The writers who lived during the Renaissance praised their own generation, calling it a time when learning flourished. In fact, it was quite the opposite. Those who seriously investigated mathematics or physics during the Renaissance were lonely souls, ridiculed by their contemporaries. Historian John H. Plumb writes:
The frequency of assassination, the perennial plots, the constant vicissitudes, encouraged superstition and a romantic view of Fate. Men felt themselves to be the prey of strange destinies and turned to astrologers and magicians to strengthen their hope, to check despair, and to help them meet the uncertain future with confidence. The stars were studied as intensely as diplomatic dispatches, as a guide to action; and superstitious dread threaded the daily course of men's lives.
A narcissistic age, filled with ambitious grasping at reputation or power, is a more accurate description of the Renaissance. Those who wrote often wrote to emote or to impress, and rarely to attempt a crystallization of truth. Historian Lynn Thorndike writes that
Italian humanism produced relatively little of scientific or philosophical importance from its investigation of the classical past: Leonardo Bruni of Arezzo said that the subtleties of arithmetic and geometry were not worthy of a cultivated mind. In any case, most available works of Greek science had already been translated into Latin before 1300.
Who was this Leonardo Bruni? He was an author who wrote about political intrigues in the city and republic of Florence; he served for a time in the Vatican as a bureaucrat and later in the government of Florence; and he translated Greek literature into Latin. He was known for having a rather artistic style in his Latin prose. The point is this: He was not a mathematician, a philosopher, or a scientist in the sense of the modern observational or natural sciences. He was more interested in political machinations than in calculating the force of gravity; he was more interested in peddling influence than in applying the quadratic equation. A man of his time, born in 1370 - a Renaissance man - he was little interested in the powers of reason. Frederick Maurice Powicke writes that modern science was
made possible by the earlier, medieval belief in the reasonableness of the world.
The underlying notion that algebra can describe the natural laws of the universe - that objects act in accord with rules which can be expressed in equations - arises from the Scholastic philosophy of the Middle Ages.

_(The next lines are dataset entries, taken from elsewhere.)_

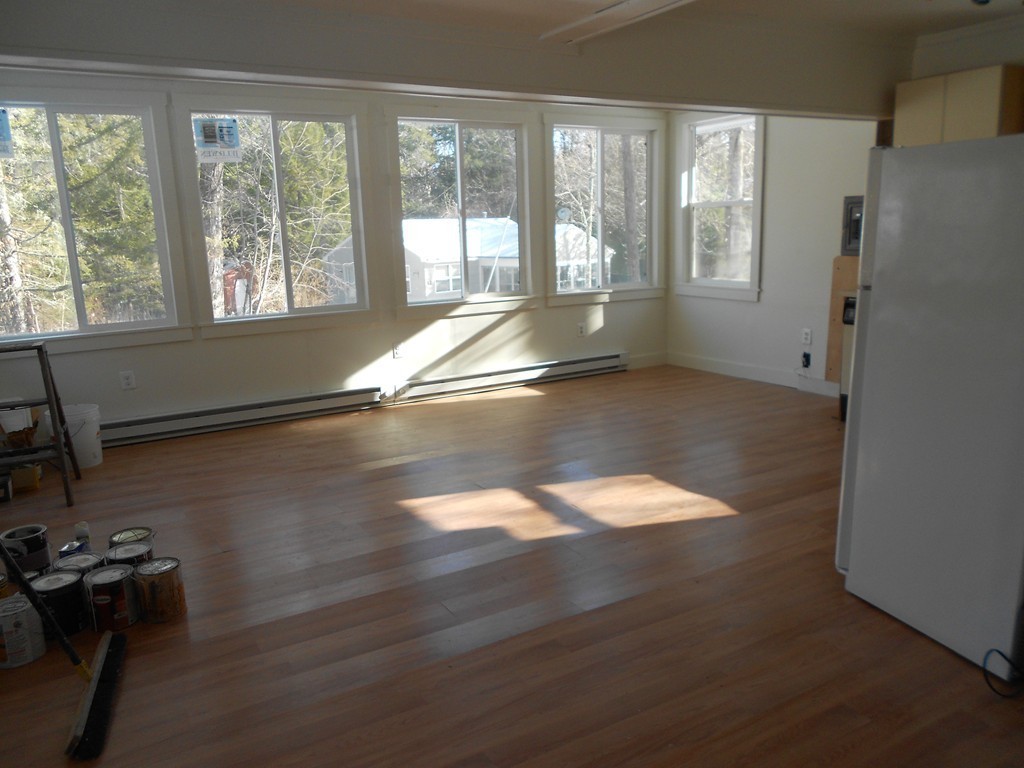 13 Overlook Road Goshen, MA 01096 - Photo 5 of 9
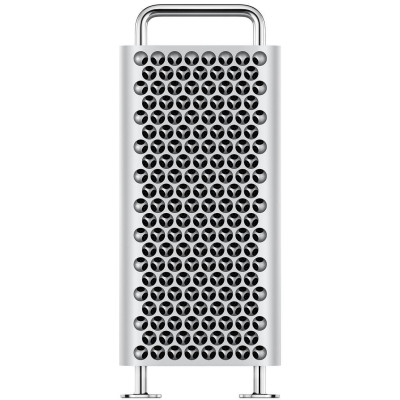 Apple Mac Pro 2019 (Z0W3001FW)
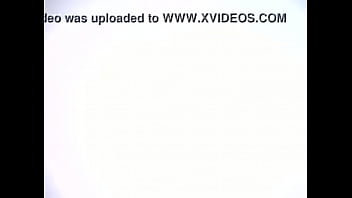 La, Perra - Unknown - 2025 - Steamy - Scene - Video 5103979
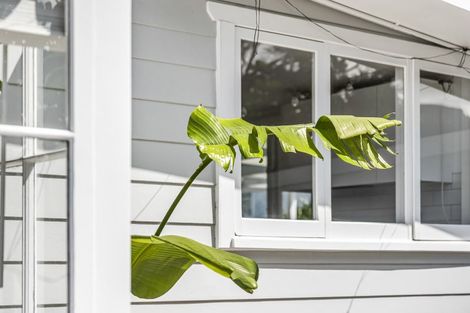 Photo of property in 8 Cadman Avenue, Waterview, Auckland, 1026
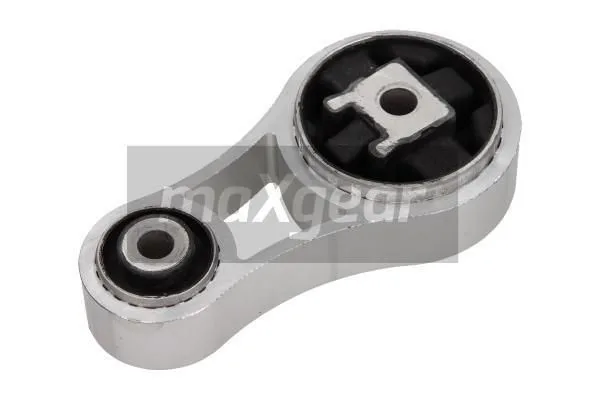 Felfüggesztés, Motor - MAXGEAR (40-0223)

The medievals understood that chemistry and physics describe processes in terms of laws:
the belief in law was at the root of the new investigation into facts.
The birth of modern chemistry and physics during the Middle Ages, this "new investigation into facts," would have to wait out the Renaissance before it could resume the rationalism which it began. The scholasticism of the Middle Ages - Aquinas, Anselm, Abelard, Ockham - led to the rationalism of Descarte, Leibniz, and Spinoza - and to the modernism of Locke, Berkeley, and Hume. The Renaissance constituted a pause in this development of human reason. As Thorndike writes,
The fact that Valla's treatise on novelties unknown to the ancients has not survived indicates that his age was more interested in classical antiquity than in recent inventions. Of the three inventions that used to be associated with the Renaissance, namely the mariner's compass, gunpowder, and printing with moveable types, only the last can still be ascribed to the period, since the other two are now known to date back at least to the 13th century.
Lorenzo Valla died in Italy in 1457, his best work unappreciated by his contemporaries - a man interested in technological innovations living during the Renaissance's studied ignorance of such applied science.
Although many older history textbooks still recite the fairy-tale of the Renaissance as an era of learning, scholars have seen that the main achievements of the Renaissance were taking credit for the accomplishments of the Middle Ages and publicizing itself as an era far more rational than it actually was.